> DIRECTIONS
Report, as a single figure, how many lines in the records below include "party".

> SUPPLIED ENTRIES

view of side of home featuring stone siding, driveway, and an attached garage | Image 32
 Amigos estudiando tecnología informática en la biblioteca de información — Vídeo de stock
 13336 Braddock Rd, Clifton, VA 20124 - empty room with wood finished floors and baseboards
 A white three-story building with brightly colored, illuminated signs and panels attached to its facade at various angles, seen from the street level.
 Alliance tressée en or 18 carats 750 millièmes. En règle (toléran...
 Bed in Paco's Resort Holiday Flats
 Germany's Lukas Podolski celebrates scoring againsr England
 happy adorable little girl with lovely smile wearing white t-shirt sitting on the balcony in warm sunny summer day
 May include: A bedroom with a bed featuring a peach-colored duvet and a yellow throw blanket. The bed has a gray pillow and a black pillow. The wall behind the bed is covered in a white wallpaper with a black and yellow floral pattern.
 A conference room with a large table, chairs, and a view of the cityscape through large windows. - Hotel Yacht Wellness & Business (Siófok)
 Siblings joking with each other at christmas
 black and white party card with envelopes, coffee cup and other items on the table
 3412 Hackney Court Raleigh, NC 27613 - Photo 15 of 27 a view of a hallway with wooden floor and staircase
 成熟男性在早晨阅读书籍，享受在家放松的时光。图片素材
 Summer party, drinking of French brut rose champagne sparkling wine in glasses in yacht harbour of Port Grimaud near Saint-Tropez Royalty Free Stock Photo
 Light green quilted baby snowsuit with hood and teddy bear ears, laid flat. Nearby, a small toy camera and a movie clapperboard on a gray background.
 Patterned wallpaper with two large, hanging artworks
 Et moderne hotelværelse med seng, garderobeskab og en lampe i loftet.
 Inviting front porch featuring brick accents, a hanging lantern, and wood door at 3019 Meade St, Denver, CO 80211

> RESULT OF THIS TASK
2